I am using the one class SVM classifier OneClassSVM from Scikit to determine outliers in a dataset. My dataset has 30000 samples with 1024 variables. I use 10 percent of those as training data.

clf=svm.OneClassSVM(nu=0.001,kernel="rbf",gamma=1e-5)
clf.fit(trset)
dist2hptr=clf.decision_function(trset)
tr_y=clf.predict(trset)

As above, I calculate the distance of each sample to the decision function using the decision_function(x) function. When I compare the prediction results and the distance results, it always show positive distance for samples marked as +1 in predict output and negative distance values for samples marked as -1.
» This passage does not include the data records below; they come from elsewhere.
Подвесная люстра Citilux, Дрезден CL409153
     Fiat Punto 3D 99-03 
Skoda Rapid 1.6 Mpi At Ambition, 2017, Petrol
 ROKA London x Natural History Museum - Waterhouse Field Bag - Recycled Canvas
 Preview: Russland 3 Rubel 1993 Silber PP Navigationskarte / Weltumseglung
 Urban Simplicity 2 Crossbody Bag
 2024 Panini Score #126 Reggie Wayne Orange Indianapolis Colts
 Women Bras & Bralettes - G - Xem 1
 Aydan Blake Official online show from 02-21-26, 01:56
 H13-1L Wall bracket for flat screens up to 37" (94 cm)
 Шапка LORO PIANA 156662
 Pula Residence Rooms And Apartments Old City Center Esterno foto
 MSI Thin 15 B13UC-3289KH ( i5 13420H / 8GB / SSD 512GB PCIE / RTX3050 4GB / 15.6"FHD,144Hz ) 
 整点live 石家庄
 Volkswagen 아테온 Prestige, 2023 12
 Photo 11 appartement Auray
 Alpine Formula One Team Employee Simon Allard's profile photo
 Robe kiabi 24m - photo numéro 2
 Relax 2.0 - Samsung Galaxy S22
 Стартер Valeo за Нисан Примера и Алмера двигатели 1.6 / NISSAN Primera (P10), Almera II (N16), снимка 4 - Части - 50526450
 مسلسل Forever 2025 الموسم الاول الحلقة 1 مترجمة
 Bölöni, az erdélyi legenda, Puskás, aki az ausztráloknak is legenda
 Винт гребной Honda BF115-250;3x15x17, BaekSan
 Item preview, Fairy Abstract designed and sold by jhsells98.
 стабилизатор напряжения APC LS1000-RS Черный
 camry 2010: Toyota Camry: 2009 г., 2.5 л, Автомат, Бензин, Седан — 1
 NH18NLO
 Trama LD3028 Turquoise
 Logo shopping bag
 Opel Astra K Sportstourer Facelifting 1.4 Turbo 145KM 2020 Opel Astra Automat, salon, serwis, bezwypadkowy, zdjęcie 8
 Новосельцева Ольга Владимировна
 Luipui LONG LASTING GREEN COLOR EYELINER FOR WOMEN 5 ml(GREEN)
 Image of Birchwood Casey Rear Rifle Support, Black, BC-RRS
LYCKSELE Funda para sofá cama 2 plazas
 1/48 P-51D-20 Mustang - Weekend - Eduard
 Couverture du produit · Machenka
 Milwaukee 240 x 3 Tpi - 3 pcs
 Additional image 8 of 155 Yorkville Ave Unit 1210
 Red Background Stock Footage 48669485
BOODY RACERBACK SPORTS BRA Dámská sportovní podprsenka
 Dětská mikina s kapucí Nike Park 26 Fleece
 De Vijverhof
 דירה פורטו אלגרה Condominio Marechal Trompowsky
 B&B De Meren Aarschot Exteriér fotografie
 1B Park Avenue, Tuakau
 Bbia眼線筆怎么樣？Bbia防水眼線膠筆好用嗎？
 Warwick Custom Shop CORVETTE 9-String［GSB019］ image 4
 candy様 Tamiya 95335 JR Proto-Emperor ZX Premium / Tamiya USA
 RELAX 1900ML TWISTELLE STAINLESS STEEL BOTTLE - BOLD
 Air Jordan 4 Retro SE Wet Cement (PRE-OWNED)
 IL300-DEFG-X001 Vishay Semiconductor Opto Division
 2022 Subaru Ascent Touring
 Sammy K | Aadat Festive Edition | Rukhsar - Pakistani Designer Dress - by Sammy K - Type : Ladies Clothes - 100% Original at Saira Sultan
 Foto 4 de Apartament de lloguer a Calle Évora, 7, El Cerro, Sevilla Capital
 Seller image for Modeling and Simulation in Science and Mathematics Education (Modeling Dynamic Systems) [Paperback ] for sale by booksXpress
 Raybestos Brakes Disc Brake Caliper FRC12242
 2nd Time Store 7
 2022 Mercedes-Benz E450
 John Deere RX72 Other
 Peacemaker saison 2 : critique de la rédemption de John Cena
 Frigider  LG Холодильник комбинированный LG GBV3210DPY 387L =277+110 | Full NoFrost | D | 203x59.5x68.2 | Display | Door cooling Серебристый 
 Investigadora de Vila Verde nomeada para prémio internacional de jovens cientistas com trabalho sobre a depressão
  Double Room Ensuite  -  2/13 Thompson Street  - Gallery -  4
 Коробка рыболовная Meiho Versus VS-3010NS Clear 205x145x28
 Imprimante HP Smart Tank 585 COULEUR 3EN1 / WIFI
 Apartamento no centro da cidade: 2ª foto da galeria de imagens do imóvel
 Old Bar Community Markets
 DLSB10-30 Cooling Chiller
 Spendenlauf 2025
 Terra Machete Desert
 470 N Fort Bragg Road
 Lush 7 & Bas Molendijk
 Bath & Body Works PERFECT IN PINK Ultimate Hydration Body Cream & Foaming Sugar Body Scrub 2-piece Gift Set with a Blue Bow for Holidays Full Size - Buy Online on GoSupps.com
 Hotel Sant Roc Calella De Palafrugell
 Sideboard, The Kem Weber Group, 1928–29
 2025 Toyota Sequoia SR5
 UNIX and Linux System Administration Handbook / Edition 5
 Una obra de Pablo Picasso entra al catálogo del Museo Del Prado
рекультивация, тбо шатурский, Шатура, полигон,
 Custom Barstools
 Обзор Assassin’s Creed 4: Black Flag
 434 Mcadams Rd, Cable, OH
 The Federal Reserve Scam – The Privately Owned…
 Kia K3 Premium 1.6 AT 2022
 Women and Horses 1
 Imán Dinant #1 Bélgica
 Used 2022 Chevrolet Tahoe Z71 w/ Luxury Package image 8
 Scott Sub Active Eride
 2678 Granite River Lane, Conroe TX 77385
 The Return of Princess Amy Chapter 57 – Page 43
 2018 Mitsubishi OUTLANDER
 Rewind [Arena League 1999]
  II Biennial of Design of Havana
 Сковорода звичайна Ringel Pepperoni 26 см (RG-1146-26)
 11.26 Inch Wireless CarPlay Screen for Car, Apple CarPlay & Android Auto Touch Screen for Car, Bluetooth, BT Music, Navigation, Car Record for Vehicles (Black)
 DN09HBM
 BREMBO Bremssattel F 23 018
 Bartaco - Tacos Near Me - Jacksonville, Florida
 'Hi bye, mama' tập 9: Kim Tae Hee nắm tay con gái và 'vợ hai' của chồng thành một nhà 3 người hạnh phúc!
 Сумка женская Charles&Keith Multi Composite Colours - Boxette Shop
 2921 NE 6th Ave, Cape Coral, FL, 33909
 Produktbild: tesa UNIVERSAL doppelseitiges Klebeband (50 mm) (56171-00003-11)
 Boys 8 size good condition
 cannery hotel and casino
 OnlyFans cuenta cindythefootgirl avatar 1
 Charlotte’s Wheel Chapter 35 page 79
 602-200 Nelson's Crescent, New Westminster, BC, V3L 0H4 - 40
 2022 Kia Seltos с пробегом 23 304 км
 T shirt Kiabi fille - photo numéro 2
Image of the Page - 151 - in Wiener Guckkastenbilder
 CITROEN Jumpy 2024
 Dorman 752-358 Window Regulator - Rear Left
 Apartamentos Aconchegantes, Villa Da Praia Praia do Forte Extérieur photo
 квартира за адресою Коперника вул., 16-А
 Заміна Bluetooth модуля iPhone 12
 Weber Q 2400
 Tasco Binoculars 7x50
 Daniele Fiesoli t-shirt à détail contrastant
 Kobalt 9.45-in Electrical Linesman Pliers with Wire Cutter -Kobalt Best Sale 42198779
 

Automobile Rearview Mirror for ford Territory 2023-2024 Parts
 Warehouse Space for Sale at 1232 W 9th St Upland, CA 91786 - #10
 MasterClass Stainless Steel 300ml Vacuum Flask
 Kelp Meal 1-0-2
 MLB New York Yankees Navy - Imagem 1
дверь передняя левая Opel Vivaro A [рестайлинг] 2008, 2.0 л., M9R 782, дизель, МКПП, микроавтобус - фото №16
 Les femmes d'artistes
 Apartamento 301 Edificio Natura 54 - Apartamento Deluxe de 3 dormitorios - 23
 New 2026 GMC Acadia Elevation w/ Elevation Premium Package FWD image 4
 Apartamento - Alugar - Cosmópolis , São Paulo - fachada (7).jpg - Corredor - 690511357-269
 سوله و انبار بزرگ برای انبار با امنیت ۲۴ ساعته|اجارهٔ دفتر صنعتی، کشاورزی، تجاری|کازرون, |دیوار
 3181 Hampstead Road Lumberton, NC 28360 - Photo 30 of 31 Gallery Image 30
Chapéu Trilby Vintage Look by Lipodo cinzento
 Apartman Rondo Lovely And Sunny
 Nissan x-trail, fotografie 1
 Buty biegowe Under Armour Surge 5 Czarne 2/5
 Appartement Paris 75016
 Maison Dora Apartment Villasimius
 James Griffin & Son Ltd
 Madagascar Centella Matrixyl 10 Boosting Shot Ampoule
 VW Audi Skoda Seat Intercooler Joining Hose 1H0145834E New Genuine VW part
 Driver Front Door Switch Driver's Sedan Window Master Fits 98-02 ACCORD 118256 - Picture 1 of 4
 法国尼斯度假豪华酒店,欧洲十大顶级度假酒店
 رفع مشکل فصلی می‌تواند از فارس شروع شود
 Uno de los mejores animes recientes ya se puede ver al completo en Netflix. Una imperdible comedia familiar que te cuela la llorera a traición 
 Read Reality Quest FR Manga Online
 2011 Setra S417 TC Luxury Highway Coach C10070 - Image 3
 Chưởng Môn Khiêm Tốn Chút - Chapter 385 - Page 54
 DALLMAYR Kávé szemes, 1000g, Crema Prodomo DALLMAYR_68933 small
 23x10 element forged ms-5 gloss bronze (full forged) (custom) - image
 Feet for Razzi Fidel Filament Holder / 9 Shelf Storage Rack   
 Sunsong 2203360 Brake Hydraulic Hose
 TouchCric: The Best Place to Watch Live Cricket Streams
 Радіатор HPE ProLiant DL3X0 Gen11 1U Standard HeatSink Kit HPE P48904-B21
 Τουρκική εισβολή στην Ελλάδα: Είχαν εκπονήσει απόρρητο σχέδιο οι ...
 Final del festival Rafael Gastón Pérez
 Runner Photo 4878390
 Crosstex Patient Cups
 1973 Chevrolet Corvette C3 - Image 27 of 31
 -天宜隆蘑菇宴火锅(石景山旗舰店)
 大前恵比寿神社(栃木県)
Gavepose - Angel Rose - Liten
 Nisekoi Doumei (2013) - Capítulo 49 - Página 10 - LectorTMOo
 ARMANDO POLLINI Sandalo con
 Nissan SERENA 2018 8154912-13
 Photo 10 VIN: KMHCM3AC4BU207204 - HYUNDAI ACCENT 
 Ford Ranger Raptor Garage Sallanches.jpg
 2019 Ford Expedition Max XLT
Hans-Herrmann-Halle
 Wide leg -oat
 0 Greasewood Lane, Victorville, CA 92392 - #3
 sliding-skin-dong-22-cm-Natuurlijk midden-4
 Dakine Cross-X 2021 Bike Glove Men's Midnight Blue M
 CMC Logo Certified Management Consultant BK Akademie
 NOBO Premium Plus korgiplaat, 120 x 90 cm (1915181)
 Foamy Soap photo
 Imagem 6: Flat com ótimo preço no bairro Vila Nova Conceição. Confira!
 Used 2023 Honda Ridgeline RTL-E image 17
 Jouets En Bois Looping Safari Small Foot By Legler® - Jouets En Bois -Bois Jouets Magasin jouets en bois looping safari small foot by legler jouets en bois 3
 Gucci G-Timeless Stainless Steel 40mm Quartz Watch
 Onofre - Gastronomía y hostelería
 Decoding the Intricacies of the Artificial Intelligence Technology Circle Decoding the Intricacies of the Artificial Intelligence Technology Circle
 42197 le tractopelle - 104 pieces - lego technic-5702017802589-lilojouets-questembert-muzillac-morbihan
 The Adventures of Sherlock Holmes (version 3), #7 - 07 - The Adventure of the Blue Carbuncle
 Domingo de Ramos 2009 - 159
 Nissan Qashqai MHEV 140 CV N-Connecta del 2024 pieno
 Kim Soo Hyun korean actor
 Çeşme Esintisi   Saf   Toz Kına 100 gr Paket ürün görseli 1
I thought distance doesn't have a sign since it does not deal with direction. I want to understand how the distances are calculated in OneClassSV scikit classifier. Does the sign simply represent that the sample lies out of the decision hyperplane calculated by the SVM ?

Please help.

1

1 Answers

4
votes

sklearn's OneClassSVM is implemented from the following paper as explained here:

Bernhard Schölkopf, John C. Platt, John C. Shawe-Taylor, Alex J. Smola, and Robert C. Williamson. 2001. Estimating the Support of a High-Dimensional Distribution. Neural Comput. 13, 7 (July 2001), 1443-1471. DOI: https://doi.org/10.1162/089976601750264965

Let's have a look at the abstract of that paper here:

Suppose you are given some data set drawn from an underlying probability distribution P and you want to estimate a “simple” subset S of input space such that the probability that a test point drawn from P lies outside of S equals some a priori specied value between 0 and 1.

We propose a method to approach this problem by trying to estimate a function f that is positive on S and negative on the complement.

So the abstract defines the function f of OneClassSVM which is followed by sklearn.